It seemed a hard thing, to Tom, that a boy be asked to leave his school and friends, and, on his leave-taking, that his friend should have hard words with him, and he was just feeling a little sympathy for the supercilious Phipps - no wonder his expression was a bit sour - when Phipps, just passing by Tom's wagon, looked up and caught Tom looking down at him. Whatever Phipps saw in Tom's expression made him frown, and hurry his horse along, back down the line of the caravan.

The rest of that day Phipps spent riding up and down the line as if he were one of their outriders (the hired guards who protected the caravan and amused themselves while in the civilized lands by riding up and down carrying news and messages, or just chatting to pass the time) or a junior to the caravan master himself, offering criticisms to every man's work, until all heartily wished that he had not accompanied them, and the fact that he was often correct did nothing to ingratiate him to the men. He took great care to inspect the cart Tom rode on and point out to Tom that the knots holding down the tarred canvas were slipping in two places.

The grizzled older man who'd made the arrangements with the caravan introduced himself only as George, not explaining whether this was his Christian or surname.
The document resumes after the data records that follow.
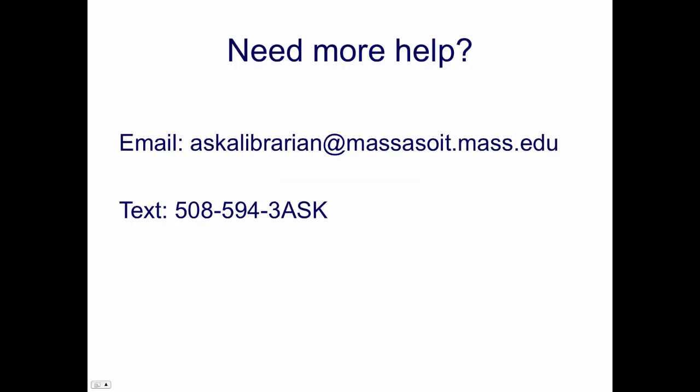Research is a process and librarians are here to help you throughout. If you need more help you can email or text us or use the chat box on your course guide. Good luck and happy searching!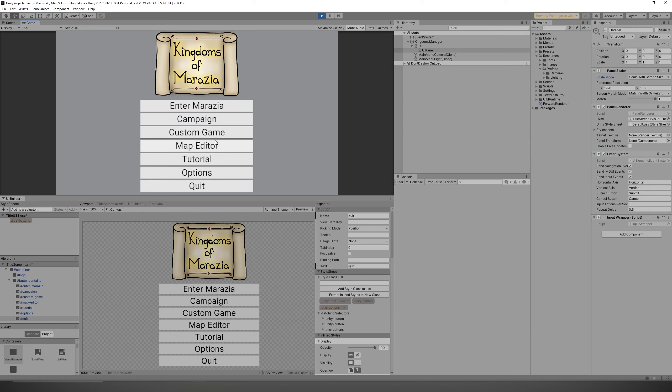Anyway, this concludes the fourth part, I believe, of my MMO RTS series. If you enjoyed it, I'm glad I made something worth watching. And I hope you all have a wonderful rest of your days.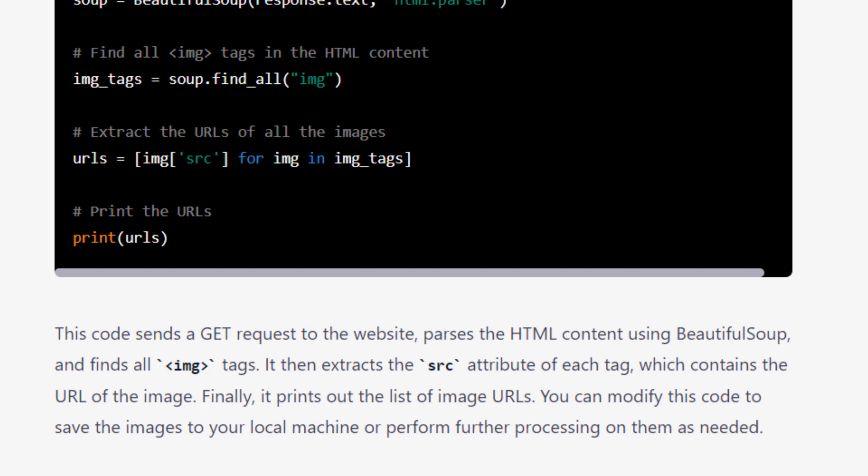Here you go. We finally got the code. We can now simply copy this code and paste it in VS Code.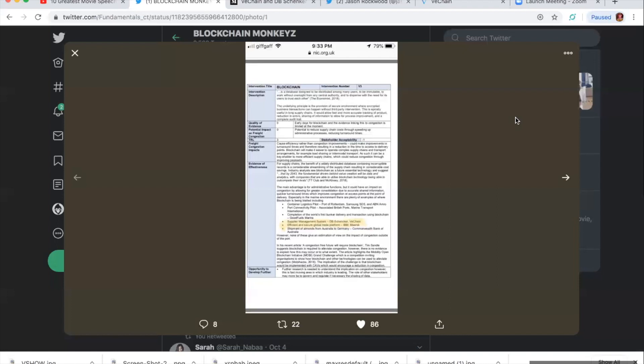Okay, here. The main advantage is for administrative functions. It could have an impact on congestion by allowing for greater consolidation due to accurate shared information. Quicker turnaround times which improve congestion as access points at the point of delivery, especially in the marine environment.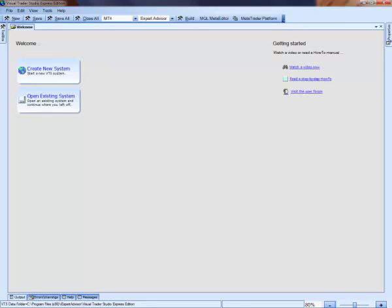Hi, this is David Williams from iExpert Advisor. In this short video, I'm going to show you how to use the free Express Edition of ETS to build your Expert Advisor.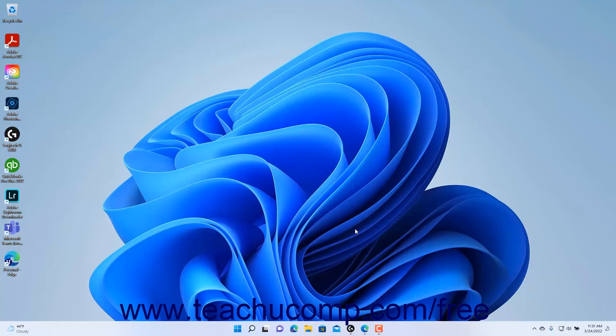Windows is a family of operating systems developed by Microsoft Corporation. Windows provides a graphical user interface, also called a GUI, virtual memory management, multitasking, and support for many peripheral devices.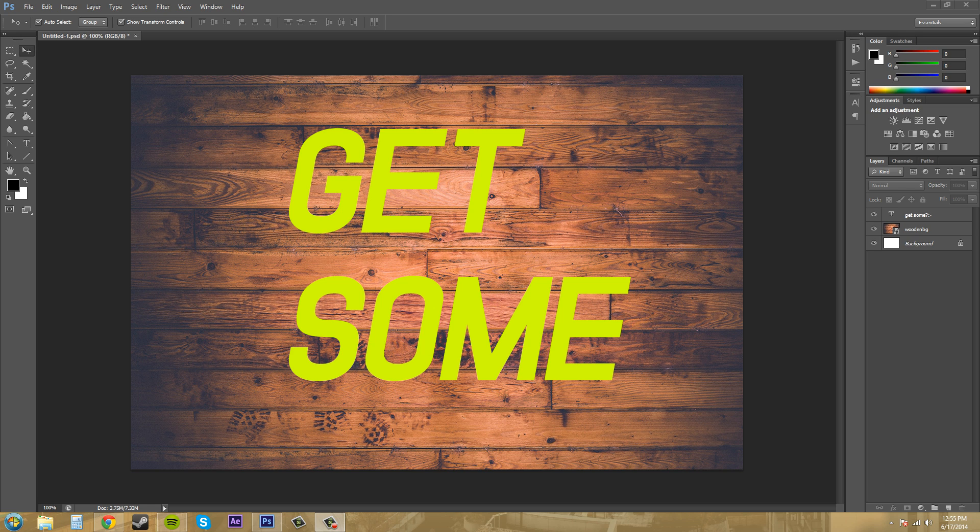Hey everybody, how you doing? Buddy Blackford here with another Photoshop CS6 tutorial.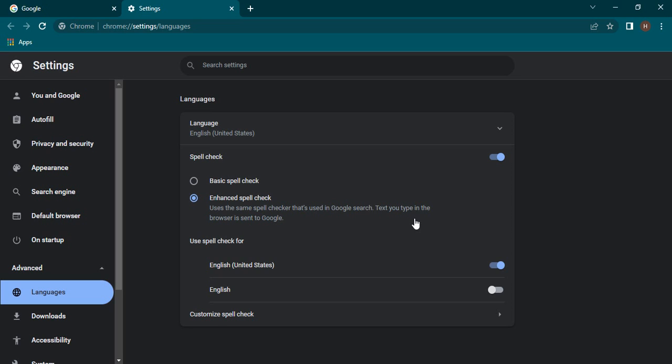Either you can choose depending on your usage. By default, the basic spell check is used because it is sufficient. Furthermore, if you are googling the data and there is any issue in the spelling, when you are actually sending the data to Google, that checking is done and the result is returned to us.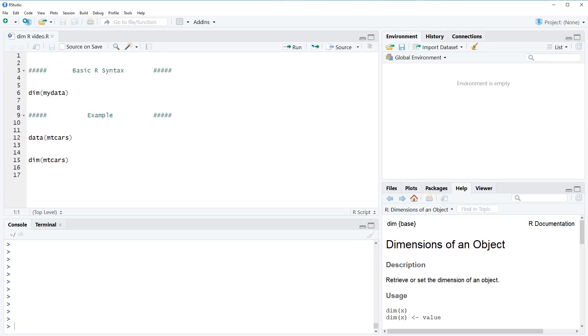Hi, this is Joachim for statisticalprogramming.com and in this video I'm going to show you how to use the dim function in R.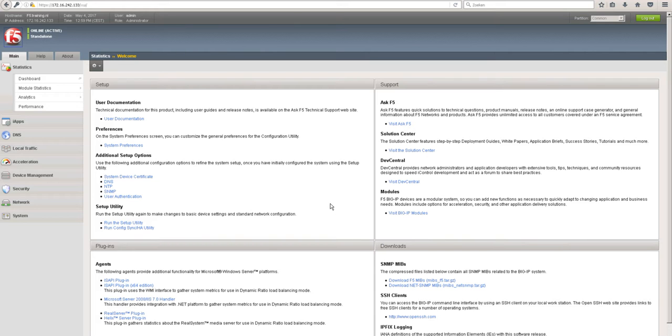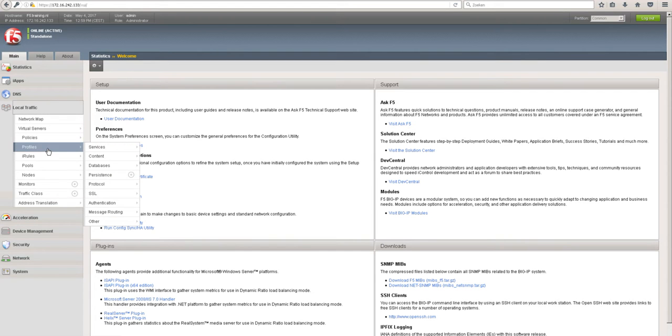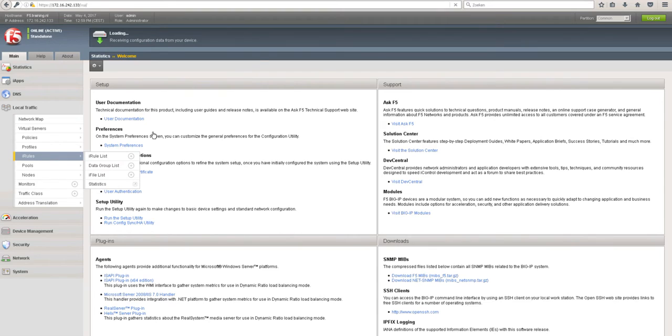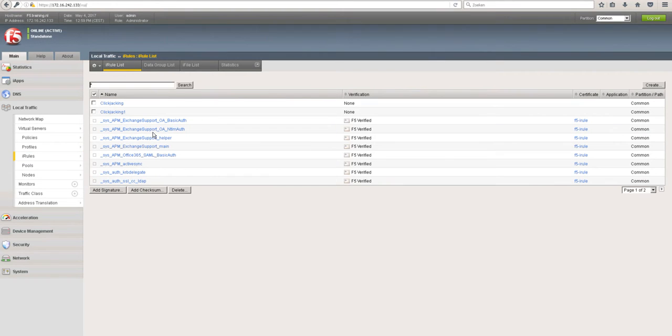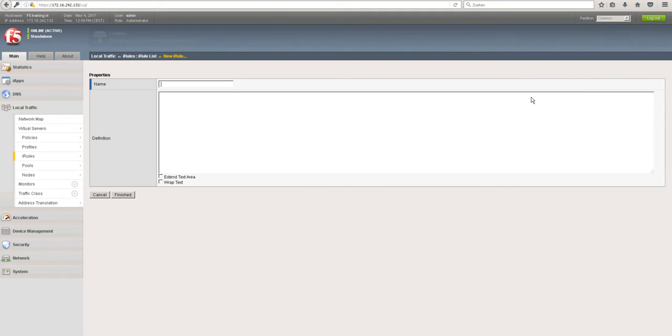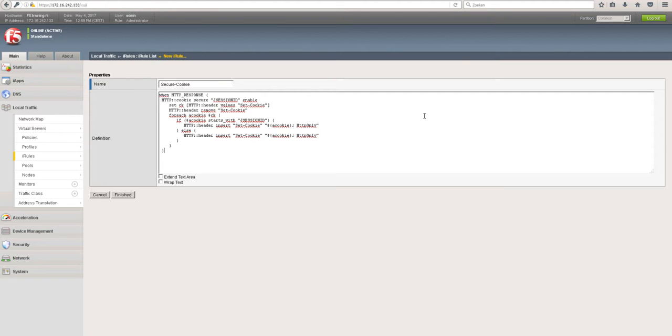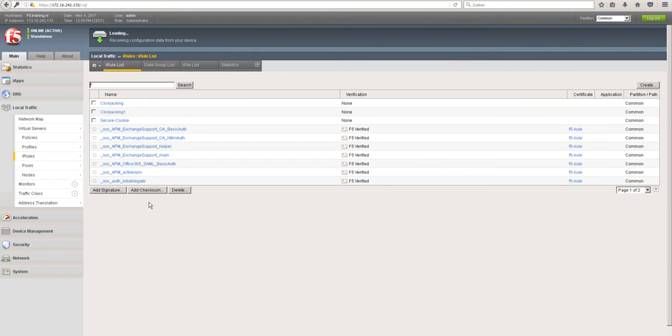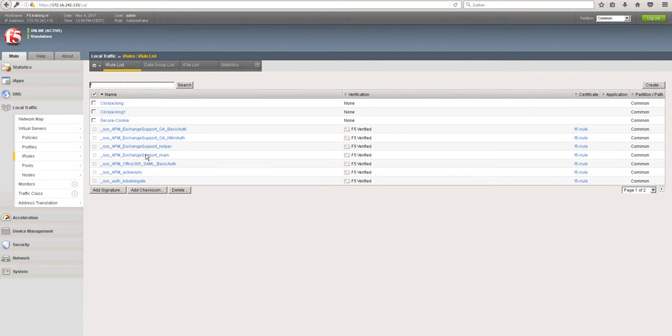In order to secure your cookies, we have to create an iRule. You can find iRules under local traffic. What you're going to do is create a new one, give it a name like 'secure cookie', and paste the code which you can see on my website. Then we click finish.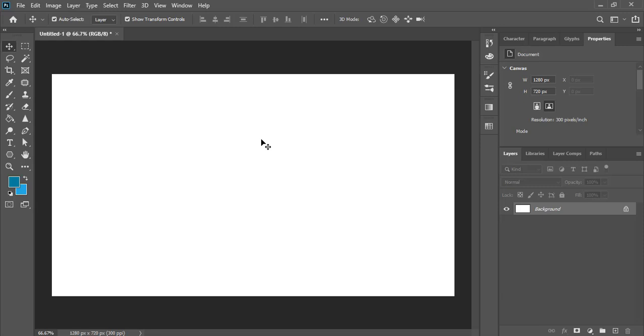Welcome to Graphic Island tutorial. How to split text in Adobe Photoshop. Let's get started.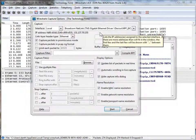Good day, it's Tony Fortunato from The Technology Firm. I just realized today that I have yet to create a video on how to not just create a capture filter but to save it.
The men settled on calling him Mr. George, and readily accepted him despite their dislike of his master, as he was a friendly man with a pleasant disposition. He also moved up and down the line, but seemed legitimately to have a role as an outrider as he carried his own well-oiled rifle, a beautiful piece in the preferred Enfield style with scrolled metal chasing on the dark, polished wood stock.

The first day's travel brought them to the village of Saradell, where Brackenstall had a standing arrangement with one of the farmers to camp in a fallow field. It was an easy day's ride on horseback, but the caravan wagons moved more slowly, and Brackenstall liked to arrive in the mid-afternoon so that they would have time to conduct trading before sunset, therefore he pushed for them to make good time. The roads were relatively good this close to Victoria City, so that, though men and mules were tired by the pace, travel went smoothly.

The ridge which preceded the dell was not high, and the trees were thick, so that no very good view was to be had of the village. The first house was a miserly little affair half hidden in the trees, the hut of a woodcutter, and then there were several small, poor farms, which attempted to eke out some sort of living on the hillside. Tom did not, in fact, even wonder where they got the water to irrigate their small fields, because he knew nothing of farming, but Zardiackas, one of the outriders informed him that the hillside here was 'seasonally wet.'

"I'm not from here, I'm from Chu Holding, but the land looks quite similar to my family's farm. You can barely get the ground planted in the Spring, it's so soggy, and in Midsummer it all dries up. Most often the well would even dry up and we would need to take our cattle down to the river and haul our own drinking water up from the town well each day. Very inconvenient."

The most prosperous farms, with large and handsome houses, lay near the small river which ran through the bottom of the dell. The village had grown up at the crossroad between Victoria Road, which crossed the bridge, and Highbank Street, which had originally connected the farms on the far side of the river. As the caravan crossed the bridge children ran out from the school - the teacher having apparently decided that keeping them inside during such a momentous occasion was an exercise in futility as their concentration would not be upon their studies - and chased alongside the wagons as they wound through the square, West down Highbank Street, past the smithy and church to the Harmon farmhouse and eventually to the fallow field which one of the Harmon children pointed out as their appointed place this year.

The evening of the caravan's arrival was a happy one for the villagers, who made it an evening of entertainment, crowding down to the encampment with fresh-baked goods and fresh meats which they offered in trade for things which Brackenstall's caravan carried.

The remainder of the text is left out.